▶ To do
Would you return the data below exactly as it stands, with every picture left out?

▶ Given data

# # # #

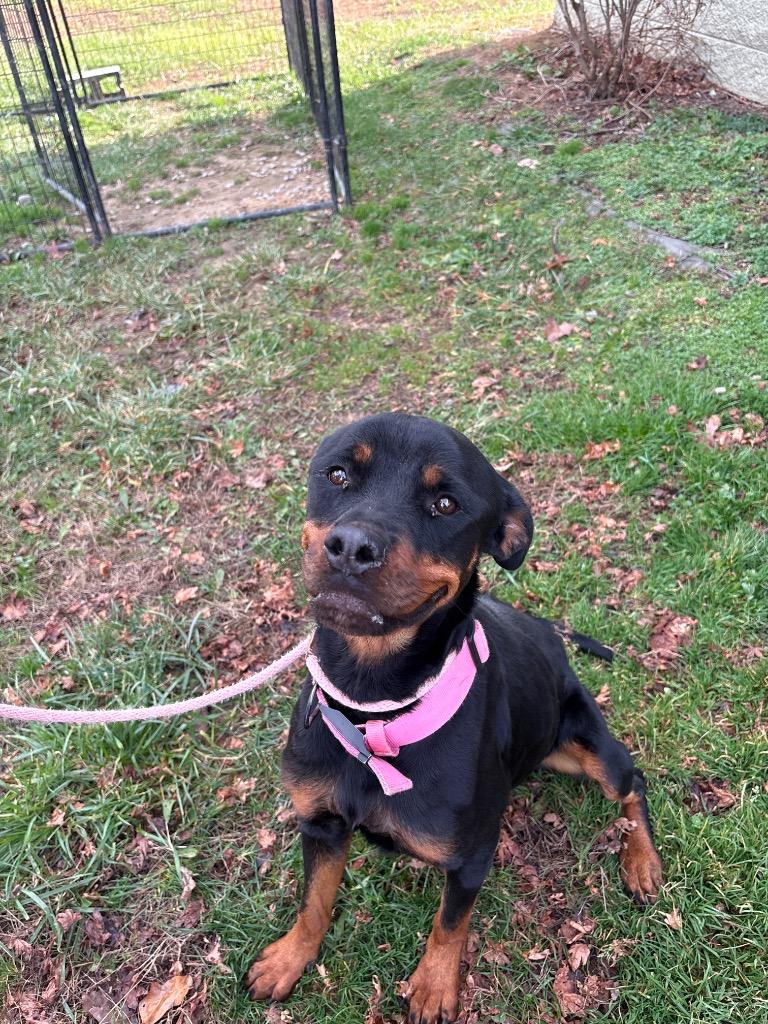 PRADA, Adoptable, Young Female Rottweiler & Labrador Retriever.
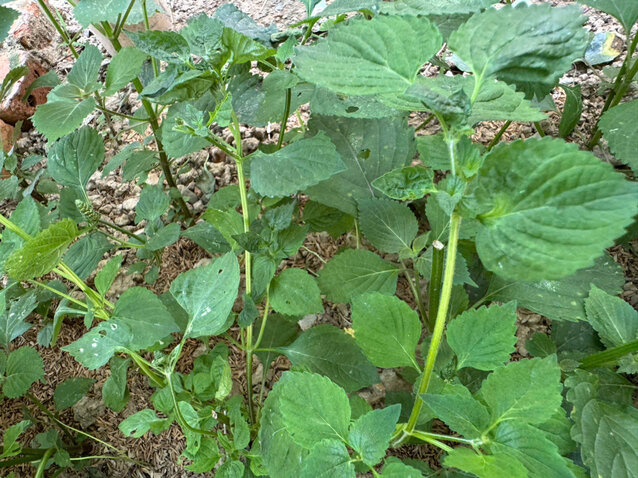 Bí quyết dân gian từ lá kinh giới hỗ trợ làm dịu rôm sảy cho trẻ ngày nắng nóng. Ảnh: Quỳnh Mai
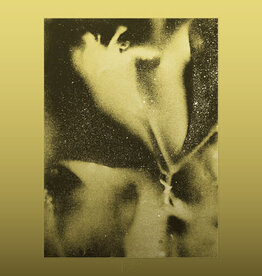 Flying Lotus - 1983
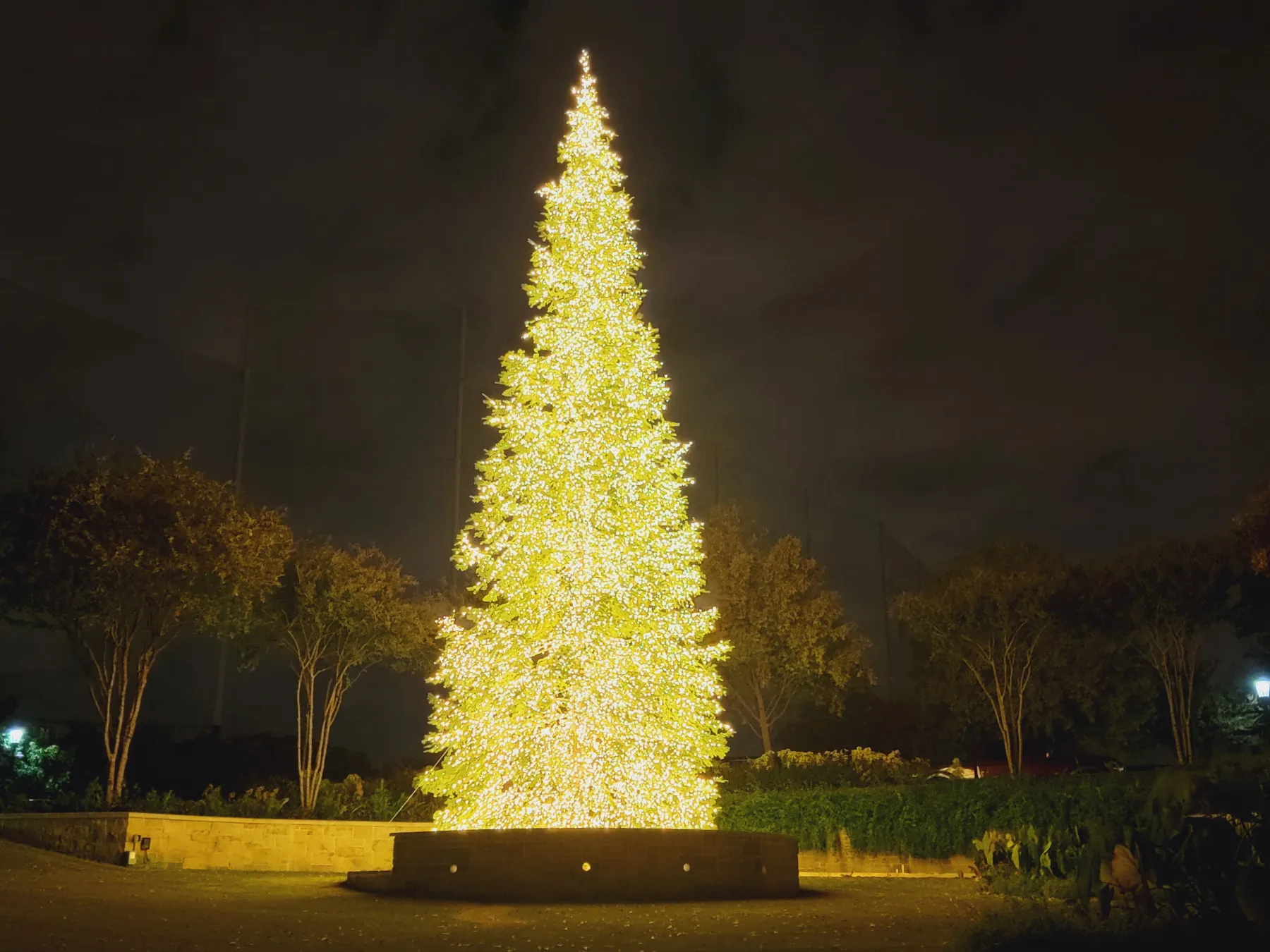 55-foot fully wrapped Christmas tree for a commercial property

# # # #

▶ Exercise output
 PRADA, Adoptable, Young Female Rottweiler & Labrador Retriever.
 Bí quyết dân gian từ lá kinh giới hỗ trợ làm dịu rôm sảy cho trẻ ngày nắng nóng. Ảnh: Quỳnh Mai
 Flying Lotus - 1983
 55-foot fully wrapped Christmas tree for a commercial property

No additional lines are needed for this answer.